In this article we explore typical client expectations and a few
suggestions for exceeding them. I believe several common
denominators exist, the first of which is this: clients have
expectations in all three categories because that is their natural
risk-management strategy. Most often, this risk-management
strategy is unconscious, but it is there. What risk? The
consultant's shortcomings in any of the three areas puts the
hiring executive, or direct client, in jeopardy.
Your direct client has (a) spent money; (b) endorsed a performer
unknown to others (you); (c) committed to delivering an end result
by a deadline; and (d) dropped an interloper into the corporate
cultural mix (you again). Together, these four elements create
anxiety - in the direct client and in the people watching him/her,
and in those who will be affected by the consultant. Anxiety, in
turn, triggers self-protective behaviors by the client's peers,
subordinates, and superiors. If you've consulted even a year,
you've experienced these behaviors. They can be harmful to you and
your efforts; they can be deadly to your client - and the client
knows it. These behaviors (lack of cooperation, information
hiding, delays, unavailability, expressed cynicism about the
engagement or the consultant) may be harmful to the client's
career health.
Ergo . . . your direct client is at risk when inviting in a
consultant. Ironically, the risks do not diminish solely by the
consultant's performance in the Technical Competence arena. In
fact, sound performance there is easily undercut by failure to
meet expectations in the other two areas: Professional
Contribution and Personal Style. Effective consultants manage the
three areas consciously and smoothly, and reap dividends as a
result.
Technical Competence
The simplest of the three value categories, Technical Competence
means delivering what we promised in return for the fee. The dry
cleaner takes your $2.00 and promises to deliver a clean, pressed
shirt by a certain date. Simple. Integrate two newly merged
departments; facilitate a strategic planning retreat; design an
incentive plan; execute a search; develop a training workshop.
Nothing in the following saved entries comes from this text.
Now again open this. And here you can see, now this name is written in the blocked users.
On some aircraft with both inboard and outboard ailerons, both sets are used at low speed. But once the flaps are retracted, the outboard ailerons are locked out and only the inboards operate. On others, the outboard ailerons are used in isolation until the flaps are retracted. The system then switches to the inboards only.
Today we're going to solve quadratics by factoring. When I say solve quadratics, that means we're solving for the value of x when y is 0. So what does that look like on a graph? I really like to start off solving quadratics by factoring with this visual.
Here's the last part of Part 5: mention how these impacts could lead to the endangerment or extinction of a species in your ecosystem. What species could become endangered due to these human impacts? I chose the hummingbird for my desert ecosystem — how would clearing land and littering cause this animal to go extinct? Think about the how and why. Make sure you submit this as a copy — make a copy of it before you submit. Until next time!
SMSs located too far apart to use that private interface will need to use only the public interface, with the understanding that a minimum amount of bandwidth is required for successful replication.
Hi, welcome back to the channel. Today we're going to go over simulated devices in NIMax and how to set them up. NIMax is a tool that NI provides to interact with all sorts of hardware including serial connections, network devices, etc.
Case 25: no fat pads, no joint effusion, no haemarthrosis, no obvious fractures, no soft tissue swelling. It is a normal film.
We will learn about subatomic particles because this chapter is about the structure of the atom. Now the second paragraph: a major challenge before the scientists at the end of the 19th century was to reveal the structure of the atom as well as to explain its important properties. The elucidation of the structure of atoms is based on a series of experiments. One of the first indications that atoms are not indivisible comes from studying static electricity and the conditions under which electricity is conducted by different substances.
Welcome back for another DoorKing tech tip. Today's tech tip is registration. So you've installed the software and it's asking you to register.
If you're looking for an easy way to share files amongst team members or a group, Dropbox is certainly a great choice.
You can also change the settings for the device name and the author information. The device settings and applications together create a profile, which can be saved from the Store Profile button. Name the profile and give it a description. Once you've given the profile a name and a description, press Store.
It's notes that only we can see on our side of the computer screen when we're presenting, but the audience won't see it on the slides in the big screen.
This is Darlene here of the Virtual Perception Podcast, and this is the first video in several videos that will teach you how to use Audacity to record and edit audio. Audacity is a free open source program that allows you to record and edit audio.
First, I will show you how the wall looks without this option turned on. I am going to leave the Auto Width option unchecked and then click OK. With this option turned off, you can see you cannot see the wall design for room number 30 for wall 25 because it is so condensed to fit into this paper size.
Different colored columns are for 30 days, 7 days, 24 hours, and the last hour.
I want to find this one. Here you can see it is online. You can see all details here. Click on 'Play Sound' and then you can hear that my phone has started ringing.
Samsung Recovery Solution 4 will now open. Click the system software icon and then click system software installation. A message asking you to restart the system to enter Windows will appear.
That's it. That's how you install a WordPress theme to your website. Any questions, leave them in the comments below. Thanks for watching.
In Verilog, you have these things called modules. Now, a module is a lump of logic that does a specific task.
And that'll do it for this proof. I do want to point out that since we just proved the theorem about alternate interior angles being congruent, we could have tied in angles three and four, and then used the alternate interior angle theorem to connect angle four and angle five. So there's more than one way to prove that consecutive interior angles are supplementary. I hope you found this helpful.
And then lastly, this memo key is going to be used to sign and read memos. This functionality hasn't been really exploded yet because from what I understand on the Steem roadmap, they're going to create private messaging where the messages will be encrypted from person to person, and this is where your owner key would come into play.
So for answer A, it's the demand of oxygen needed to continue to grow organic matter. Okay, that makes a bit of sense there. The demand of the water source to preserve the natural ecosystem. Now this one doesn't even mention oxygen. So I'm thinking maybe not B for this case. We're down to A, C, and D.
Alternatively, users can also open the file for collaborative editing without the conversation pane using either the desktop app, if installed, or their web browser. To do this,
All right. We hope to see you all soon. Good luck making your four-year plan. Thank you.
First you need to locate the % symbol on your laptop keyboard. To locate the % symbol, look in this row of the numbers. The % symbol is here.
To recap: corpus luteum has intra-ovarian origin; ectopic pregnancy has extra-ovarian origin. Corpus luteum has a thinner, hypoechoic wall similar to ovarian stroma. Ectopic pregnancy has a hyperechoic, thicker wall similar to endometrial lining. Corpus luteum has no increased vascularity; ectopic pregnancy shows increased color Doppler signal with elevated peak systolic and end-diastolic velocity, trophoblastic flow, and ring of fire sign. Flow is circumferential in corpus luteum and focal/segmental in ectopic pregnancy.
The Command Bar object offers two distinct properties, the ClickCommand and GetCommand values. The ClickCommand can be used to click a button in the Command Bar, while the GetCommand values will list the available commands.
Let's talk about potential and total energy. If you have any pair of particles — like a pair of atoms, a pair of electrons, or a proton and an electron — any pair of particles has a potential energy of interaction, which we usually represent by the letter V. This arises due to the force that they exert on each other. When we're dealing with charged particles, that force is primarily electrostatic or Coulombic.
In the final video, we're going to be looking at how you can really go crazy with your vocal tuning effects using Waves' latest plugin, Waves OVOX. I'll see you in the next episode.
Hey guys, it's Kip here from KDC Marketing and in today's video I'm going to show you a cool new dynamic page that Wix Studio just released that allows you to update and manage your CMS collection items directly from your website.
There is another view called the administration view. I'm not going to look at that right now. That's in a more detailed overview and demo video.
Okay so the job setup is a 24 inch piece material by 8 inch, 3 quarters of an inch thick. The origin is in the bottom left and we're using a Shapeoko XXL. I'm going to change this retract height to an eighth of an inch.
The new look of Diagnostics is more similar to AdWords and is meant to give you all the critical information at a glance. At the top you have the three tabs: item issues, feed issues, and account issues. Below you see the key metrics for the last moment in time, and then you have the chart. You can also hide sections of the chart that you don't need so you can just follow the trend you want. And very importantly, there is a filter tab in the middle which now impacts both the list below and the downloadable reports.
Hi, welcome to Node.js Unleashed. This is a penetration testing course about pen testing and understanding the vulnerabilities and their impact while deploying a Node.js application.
This basic quid pro quo doesn't require much discussion. This is
the business - on the surface. This is what is visible and
measurable. This is what the client pays for, right? Well, not
quite.
For many consultants, life is grand when the engagement is that
straightforward: "Give me the deliverables on time and I give you
money and you leave town." Alas, the other two dimensions are
usually present, though under the surface.
Professional Contribution
As consultants, we bring a wide range of professional skills and
experiences that reach far beyond technical task accomplishment.
Clients expect us to contribute these skills unselfishly,
proactively, and at no added cost as we execute the engagement.
This is a reasonable expectation. We all have such expectations
around the "professional behavior" of service workers. When you
bring the car in for repair, you expect the Technical Competence
to do the repairs; but you also likely expect the service people
to return the car clean, on time, and at the promised price. You
may expect them to teach you something in the process too, or you
may expect some priority treatment if you're a regular, long-time
customer.
Expectations of "Professional Contributions," layered on top of
Technical Competence, are natural in every field. Do we understand
what they are in the typical consulting engagement? Below are the
expectations for Professional Contributions I've encountered most
often. When I place myself inside the client's mind - to empathize
- these are things they want to say:
"with me personally"
"with my team"
[A client pursuing a growth-by-acquisitions strategy wanted help.
We conducted as much of our work as we could on-site, with their
people, to make our processes and thinking visible - to pull back
the curtain. As the series of small acquisitions developed, they
took on more of the direct process step responsibilities. Did it
cost us some days with each succeeding one? Yes, but a dozen years
later, they remain a steady client, with engagements in multiple
areas, without us having to solicit more business. And in every
acquisition event, we're still at the table]
"with the organization"
If these are some of the common expectations and desires clients
have around Professional Contributions, then the question is How?
How to deliver on these.
Here are a few ideas to consider . . .
The add-on value services described above come "free," or should.
You won't find them listed in the engagement letter or a contract.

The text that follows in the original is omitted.